Being different is all very well but it gets a bit tedious when trying to achieve things seems to be always hampered by being in a reality that is at right angles to everyone else.
But I did find freedom! Eventually! Strangely!
Attending a network event a number of years back, there were, maybe, 60 or 70 people in a room. We were being facilitated in our warm-up exercises; getting to know each other and loosening up our personalities for the day. We were asked to divide ourselves into groups … according to the socks that we were wearing: striped socks, plain socks, red socks, blue socks, etc. Grey socks with purple stars? Not a valid category, it seems. Those with grey socks with purple stars do not fit any of the available categories and must …? Stand on their own? … Go to the lobby and have coffee? … Just go home because they don’t belong!?
Really?! Could I not just fit the box?! For once?! Did I have to have a pair of socks on that didn’t fit in any normal category?
So then I did what, possibly, any normal person would do. I looked around at all the gathered groups, picked the one that was most to my liking, and went there; barefacing the fact that my socks just didn’t match. I think they were all of the stripy-sock variety of people. It didn’t matter. We did our strange warm-up routines, laughed and got on just fine.
It might seem a rather strange problem to have: an unusual difficulty. For me, it was my life. I was born without God and yet was almost a teenager before I know that there was a word for that: “doubting Thomas” didn’t cut it for me. I left and came back to the country that some of those believers had prophesied: a materialistic party drunk on its own (apparent) wealth. I was still a fish out of water. In any community that I was ever part of, I was only a visitor as I always had a foot in some different reality, thoughts that didn’t quite fit. In any work that I did, I always seemed to be working against a system that was set up for other people and not for me. I always wanted an ‘other’ box in any form I ever filled out. I, most usually, just thought that the questions were wrong. Often, I still do.

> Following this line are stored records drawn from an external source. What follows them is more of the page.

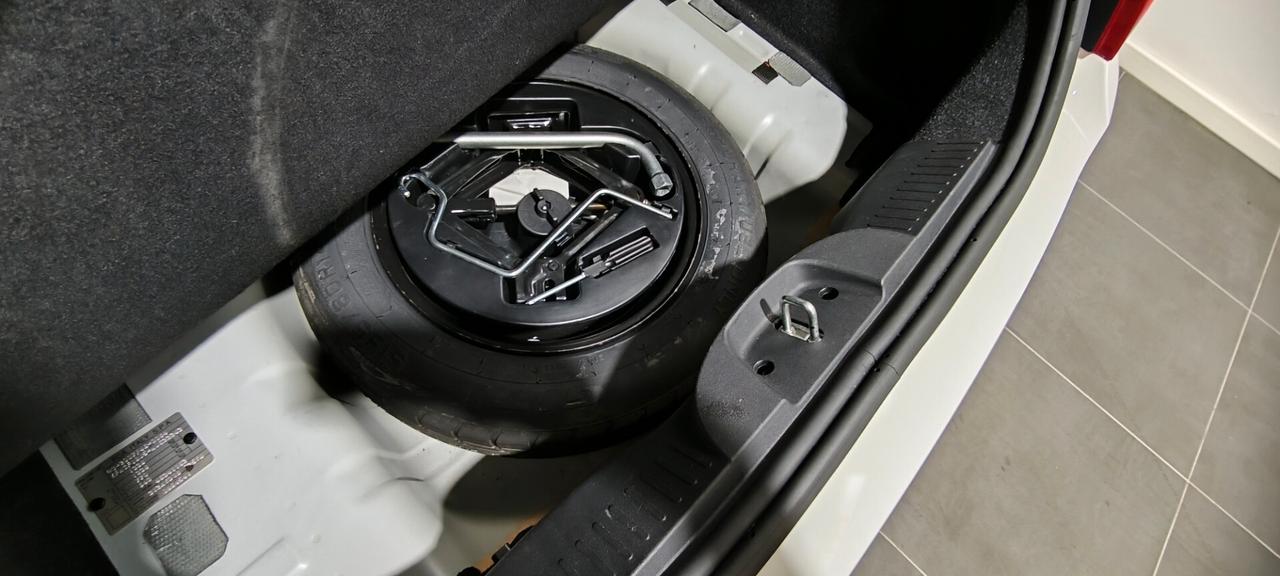 Fiat 500 1.0 Hybrid Cult pari al nuovo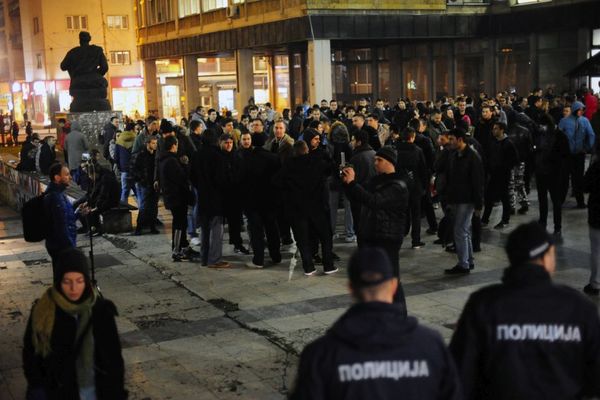 Protest Grobara zbog prekrečenog grafita: Vratite čuvara na posao! (FOTO)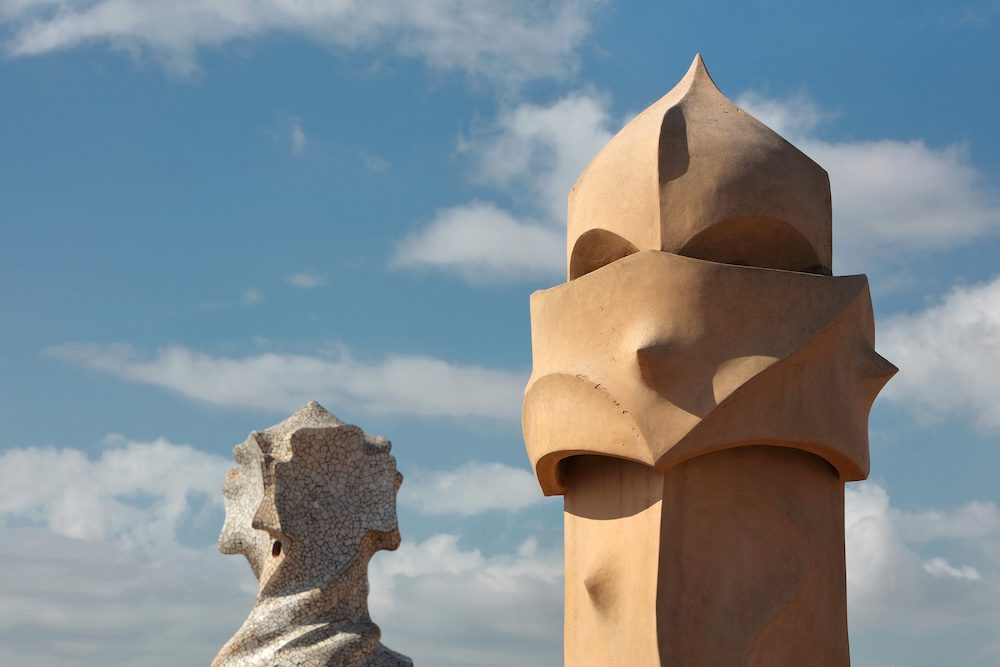 MC18192 – Camini sul tetto, La Pedrera, Barcellona, Spagna 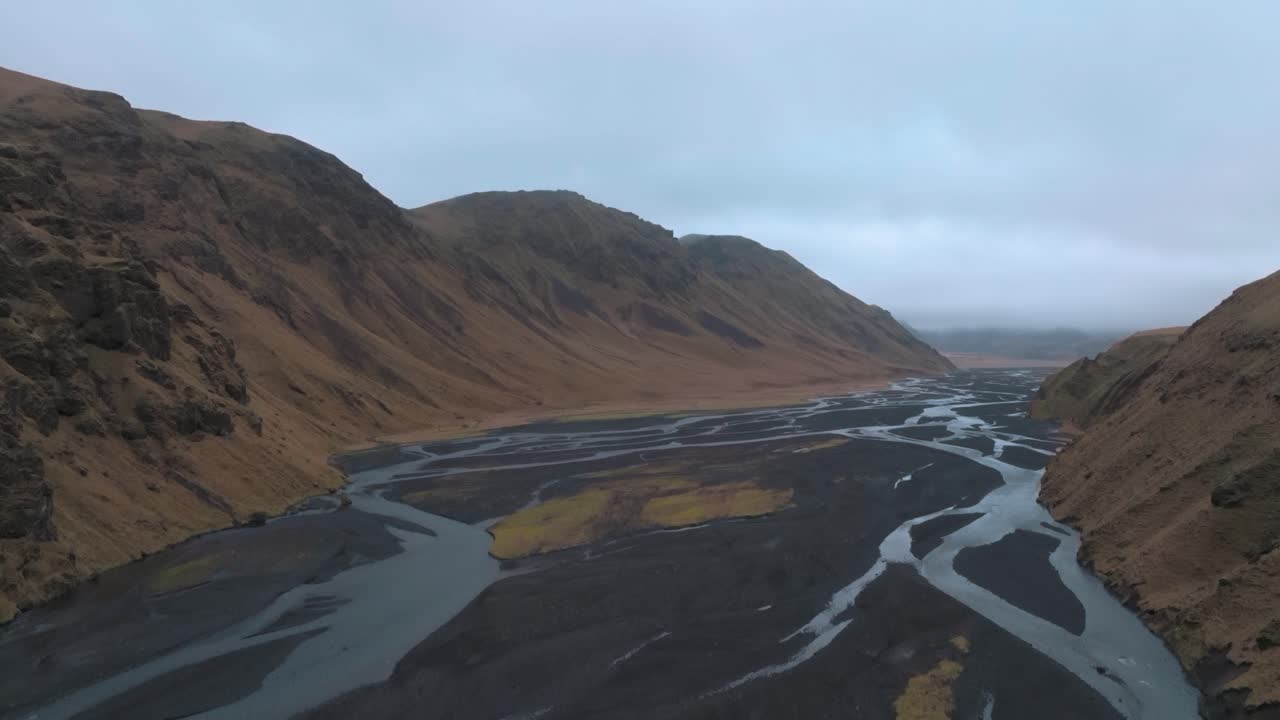 아이슬란드 의 계곡 에 있는 검은 모래 강 의 가을 색상 - 상승 하는 공중 사진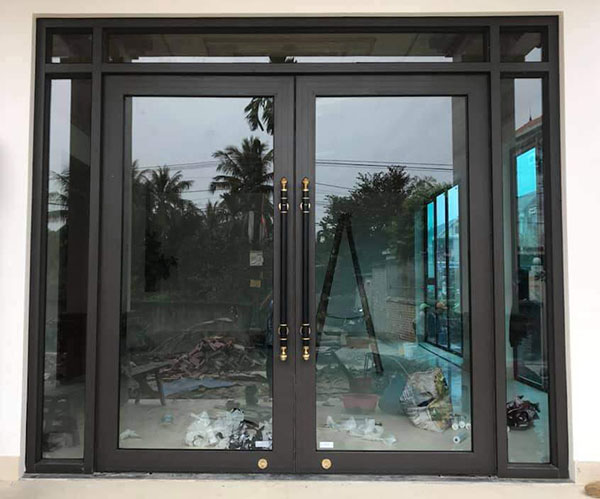 Có nên làm cửa kính cường lực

However, my socks set me free! It no longer bothers me that I don’t fit in the box. I quite happily park diagonally across the lines in the parking lot (on quiet days as I don’t want to inconvenience anyone by taking up needed spaces). I have socks with each day of the week on them. There’s about a one-in-seven chance that I’ll be wearing them on the right day. If I think of it, I avoid it except maybe for Sundays and Mondays when I might wear one of each and the kids can get ice-cream if they pick up on it. (They haven’t yet.)
So I’ve really stopped worrying about being able to fill out the checkboxes ‘correctly’. If the option that most fits my reality is not available, I just go with the nearest one; holding a clean conscience that the person who set the question just didn’t stretch their imagination to my world. If I hit too many of them, I simply get the message that I could be doing something better with my time and move on. It’s simple. It’s straightforward. Perhaps it’s just ‘normal’, but it took me a long time to get there.